Vers la sobriété heureuse, Pierre Rabhi.

Je m’interroge beaucoup sur l’éducation manuelle que je pourrais partager avec mon fils sachant le peu de savoir-faire que j’ai dans ce domaine. Comment faciliter sa découverte d’activités que je n’ai pas moi-même pratiquées ? Dans quelle mesure est-ce que l’on peut découvrir ensemble de nouvelles pratiques ? Comment attiser sa curiosité sur un domaine qui ne m’a pas déjà attiré ? Quelle part d’inné pourrait l’amener à emprunter les chemins non balisés de sa singularité ?

Il y a bien des écoles « permettant aux enfants d’apprendre à vivre ensemble » et qui doivent inclure l’agroécologie dans leur enseignement vu le lieu mais elles sont très rares. Il y a la famille ou les amis mais on reste dans des cercles relativement fermés. Il y a le Web mais ça reste trop théorique. Il y a les stages mais il faut avoir un certain âge. Il reste les camps/colonies/centres aérés qui sont peut-être la manière la plus simple de découvrir un nouveau domaine de manière candide. En voyez-vous d’autres ?

Discussion suite à l’article :

Je me permets de partager mon expérience sur une forme d’éducation manuelle que j’ai reçu et transmise à mon fils. La règle est simple : il n’y a pas d’age pour faire du bricolage !

Depuis qu’il sait à peu près marcher, il participe à sa façon à tous les travaux de bricolage / montage. Lorsqu’il a fallu enlever le lit de bébé et installer un "lit de grand", c’est mon fils qui me tenait les montants (légers) pendant que je les vissais. C’était une toute petite participation, mais il était présent dans la pièce et faisait des choses. Et ça, ce sont des expériences qui marquent : il a monté son lit de grand lui-même.

Un peu plus grand, on a eu à monter son armoire à vêtements. Il m’a tenu les montants, trié et préparé les vis. J’ai aussi une petite visseuse (plus petite que le modèle classique) que j’ai utilisé : je mettait la vis en place, la visseuse dans l’axe et c’est lui qui appuyait sur le bouton. Il faut voir sa fierté quand il a présenté l’armoire à ses grands-parents !

Lorsque nous avons repeint sa chambre, il avait un petit rouleau et a largement participé à la peinture à sa hauteur. Quand on a fait des placards sous combles, c’est lui qui a peint le fond des placards, ce qui nous a évité un peu de cassage de dos.

Pour enlever du papier peint, à 3 ans, c’est lui qui mouillait le papier peint avec une éponge chaude (pas de décolleuse, pas de dissoucolle, l’éponge chaude marche très bien) avant que je ne l’enlève avec le couteau. Maintenant qu’il a presque 5 ans, il fait l’éponge chaude et il a un petit couteau à enduire pour gratter le papier-peint, donc il faut réellement la tâche en entier tout seul.

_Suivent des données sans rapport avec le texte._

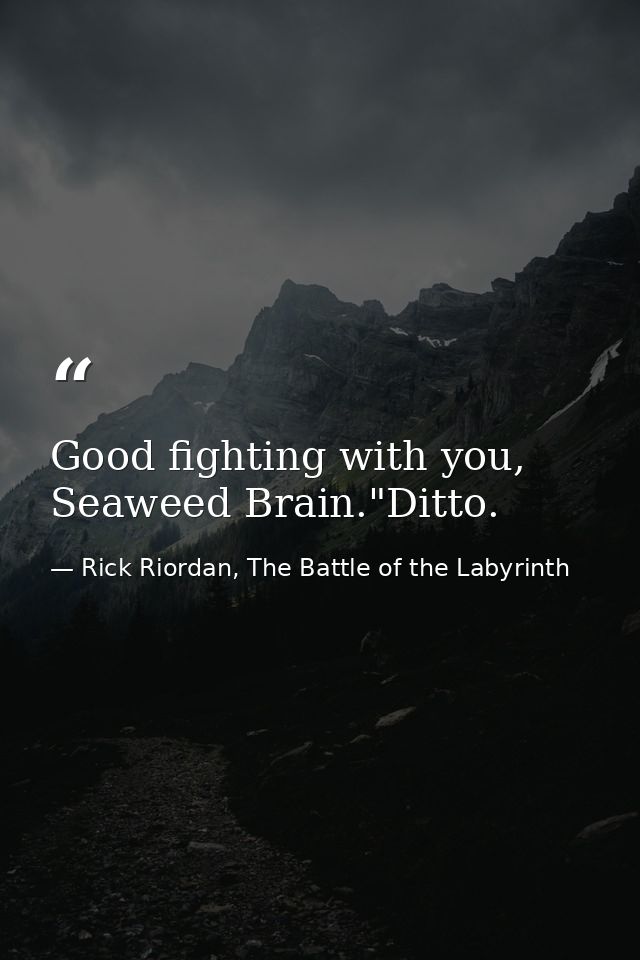 Good fighting with you, Seaweed Brain."Ditto. — Rick Riordan, The Battle of the Labyrinth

Il a aussi apprivoisé l’escabeau en me voyant monter dessus. Je l’ai encouragé, en le tenant et en respectant les règles de sécurité bien sur. Mais maintenant qu’il a 5 ans, il monte sur le petit escabeau pour m’aider dans le bricolage : il peint plus haut, il nettoie plus haut.

Ca continue aussi sur d’autres tâches : quand je transporte mes stères de bois au fond du jardin, il a droit a des tours sur la brouette au dessus du tas de bois ou à vide. C’est lui qui range aussi les bûches qui sont très légères.

La clé dans tout cela, c’est vraiment d’inclure l’enfant dans les activités. Il faut trouver la façon d’adapter l’activité à son age et à ses capacités, ou de faire une activité connexe. Bien sûr, le résultat peut varier d’un enfant à l’autre : j’ai la chance d’avoir un modèle plutôt calme et concentré, donc je peux relacher un peu mon attention pendant que je bricole.

On crée l’environnement favorable : il a des vêtements de bricolage exprès, qu’on s’est pas géné pour peindre à diverses occasions ( c’est tellement rare de pouvoir salir ses vêtements sans souci ) ! Quand il en avait marre de faire de la peinture avec nous, on lui a proposé de dessiner sur le papier peint qu’on allait enlever, ce qu’il l’a bien fait rire. Il y a des fois aussi où il a monté ses jeux de bricolages, et il jouait à bricoler dans la pièce à côté de la mienne.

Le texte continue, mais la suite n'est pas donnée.